Zipcode -- The 5-digit ZIP code.

Country -- Always "US" for the current dataset.

Lat / Lon -- Precise geographic coordinates from the Overture Maps Foundation. These are accurate enough for map plotting, distance calculations, and geofencing applications.

Market Name -- The metropolitan market or DMA (Designated Market Area) the business falls within (e.g., "New York", "Los Angeles", "Chicago").

County FIPS -- The 5-digit FIPS code identifying the US county the business is located in (e.g., "06037" for Los Angeles County, CA).

Census Tract -- The 11-digit GEOID identifying the US Census tract the business falls within (e.g., "06037264100").

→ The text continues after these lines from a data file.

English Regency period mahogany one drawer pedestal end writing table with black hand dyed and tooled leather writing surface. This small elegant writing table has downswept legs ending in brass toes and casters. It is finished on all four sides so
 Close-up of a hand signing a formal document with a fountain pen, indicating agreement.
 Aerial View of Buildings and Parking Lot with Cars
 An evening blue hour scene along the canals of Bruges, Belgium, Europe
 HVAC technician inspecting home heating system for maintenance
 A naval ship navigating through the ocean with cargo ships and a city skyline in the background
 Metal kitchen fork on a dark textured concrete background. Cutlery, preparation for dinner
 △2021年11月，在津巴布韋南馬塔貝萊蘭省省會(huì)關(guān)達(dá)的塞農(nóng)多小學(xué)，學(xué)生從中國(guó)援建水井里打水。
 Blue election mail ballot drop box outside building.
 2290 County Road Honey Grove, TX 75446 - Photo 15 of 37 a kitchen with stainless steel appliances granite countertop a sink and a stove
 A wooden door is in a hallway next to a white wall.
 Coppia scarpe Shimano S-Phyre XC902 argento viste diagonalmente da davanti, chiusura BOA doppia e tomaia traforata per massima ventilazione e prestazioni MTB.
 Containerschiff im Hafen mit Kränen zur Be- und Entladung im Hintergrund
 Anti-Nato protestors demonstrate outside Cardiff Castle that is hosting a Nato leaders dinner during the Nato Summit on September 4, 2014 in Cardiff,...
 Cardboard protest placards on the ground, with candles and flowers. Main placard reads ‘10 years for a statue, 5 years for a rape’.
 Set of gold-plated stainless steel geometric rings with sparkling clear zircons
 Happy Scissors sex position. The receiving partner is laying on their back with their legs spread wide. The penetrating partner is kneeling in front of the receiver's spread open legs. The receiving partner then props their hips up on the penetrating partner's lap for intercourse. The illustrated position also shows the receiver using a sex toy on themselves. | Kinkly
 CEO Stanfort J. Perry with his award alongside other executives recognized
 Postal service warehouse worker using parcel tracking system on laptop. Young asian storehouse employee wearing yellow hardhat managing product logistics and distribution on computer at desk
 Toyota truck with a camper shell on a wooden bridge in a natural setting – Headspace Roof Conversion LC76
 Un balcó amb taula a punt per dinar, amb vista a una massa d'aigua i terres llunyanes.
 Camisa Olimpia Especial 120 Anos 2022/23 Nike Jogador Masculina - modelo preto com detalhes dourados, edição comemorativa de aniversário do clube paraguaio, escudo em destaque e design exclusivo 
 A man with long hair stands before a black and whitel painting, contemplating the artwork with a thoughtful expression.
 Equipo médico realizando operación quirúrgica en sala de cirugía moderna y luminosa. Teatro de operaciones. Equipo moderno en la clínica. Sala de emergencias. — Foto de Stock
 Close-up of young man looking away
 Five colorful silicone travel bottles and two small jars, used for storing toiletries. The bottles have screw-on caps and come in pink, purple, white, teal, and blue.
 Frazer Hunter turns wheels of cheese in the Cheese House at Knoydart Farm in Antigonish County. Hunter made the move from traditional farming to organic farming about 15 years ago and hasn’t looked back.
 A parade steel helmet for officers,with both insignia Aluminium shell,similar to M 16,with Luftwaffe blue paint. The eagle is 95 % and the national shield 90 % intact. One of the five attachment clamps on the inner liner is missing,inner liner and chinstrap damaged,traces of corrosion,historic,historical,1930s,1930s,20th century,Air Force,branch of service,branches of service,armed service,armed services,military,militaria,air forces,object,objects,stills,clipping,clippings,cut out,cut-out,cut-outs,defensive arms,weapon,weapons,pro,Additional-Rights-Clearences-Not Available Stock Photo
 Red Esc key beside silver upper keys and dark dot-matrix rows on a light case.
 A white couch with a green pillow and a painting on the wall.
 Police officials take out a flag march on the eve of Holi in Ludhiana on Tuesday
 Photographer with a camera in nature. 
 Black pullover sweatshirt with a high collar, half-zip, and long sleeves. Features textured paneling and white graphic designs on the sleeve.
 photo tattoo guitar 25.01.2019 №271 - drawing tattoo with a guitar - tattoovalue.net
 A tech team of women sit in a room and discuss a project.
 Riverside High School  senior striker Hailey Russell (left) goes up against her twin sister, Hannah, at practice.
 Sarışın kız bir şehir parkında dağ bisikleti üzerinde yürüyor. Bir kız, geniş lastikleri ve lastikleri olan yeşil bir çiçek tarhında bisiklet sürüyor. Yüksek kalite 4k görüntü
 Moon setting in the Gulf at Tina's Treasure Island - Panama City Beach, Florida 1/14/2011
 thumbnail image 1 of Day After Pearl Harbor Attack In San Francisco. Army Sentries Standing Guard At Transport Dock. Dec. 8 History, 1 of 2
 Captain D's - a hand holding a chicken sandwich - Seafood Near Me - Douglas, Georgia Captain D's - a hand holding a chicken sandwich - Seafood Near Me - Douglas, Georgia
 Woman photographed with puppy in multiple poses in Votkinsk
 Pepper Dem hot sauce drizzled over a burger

Census tracts are small geographic areas defined by the Census Bureau, typically containing 1,200–8,000 residents.

Metadata Fields

Operating Status -- Whether the business is currently active or has closed. The vast majority of records are active businesses.

Extracted At -- The timestamp of the most recent enrichment cycle that processed this record. Since we re-enrich the entire dataset monthly, most records will show a date within the last 30 days.

Data Quality Pipeline

Our data quality is the product of a multi-stage pipeline that runs every month:

Stage 1: Authoritative Source Data

The base layer comes from the Overture Maps Foundation. This provides us with verified business names, addresses, coordinates, categories, and brand information. Overture's data is aggregated from multiple authoritative sources and goes through its own quality validation before we ever see it.

Stage 2: Website Crawling

We visit every business website in the dataset -- over 1.7 million URLs. We check for:

Whether the website is still live and returning a valid response
Updated content that may contain new contact information
Social media links in headers, footers, and contact pages

Stage 3: AI-Powered Extraction

The crawled website content is processed through our AI extraction pipeline. This isn't simple regex matching -- we use large language models to understand the context of the page and extract structured data:

Email addresses are distinguished from login forms or unsubscribe links
Phone numbers are identified as business lines rather than fax numbers or support queues
Social media handles are matched to the correct platform

Stage 4: Validation & Deduplication

Every extracted piece of data goes through validation:

Email addresses are checked for valid format and domain
Phone numbers are normalized to a consistent format
URLs are validated for live responses
Duplicate records are identified and merged

Enrichment Coverage

Not every business has a website, and not every website lists an email address. Here are the approximate field coverage percentages across the full dataset:

Field	Records	Coverage
Name, Address, City, State, Zip	1.7M	100%
Lat, Lon	1.7M	100%
Category, Basic Category	1.7M	100%
Phone	~1.6M	~95%
Website	~1.5M	~85%
Facebook	~1.3M	~75%
Instagram	~525K	~31%
Email	~350K	~20%

Coverage varies by state and category. Urban areas with more digitally-present businesses tend to have higher enrichment rates. You can check state-specific enrichment statistics by exploring any state in the Data Shop.

Monthly Updates

The entire dataset is refreshed monthly. Each update cycle includes:

New Overture release ingestion -- picking up newly opened businesses and address changes
Full website re-crawl -- checking every URL for updated content
AI re-extraction -- processing all crawled content through the latest extraction models
Validation pass -- removing closed businesses, deduplicating, and normalizing

When you purchase a state dataset, you receive the data as of the most recent completed enrichment cycle. The "Last Updated" field on each record tells you exactly when it was last processed.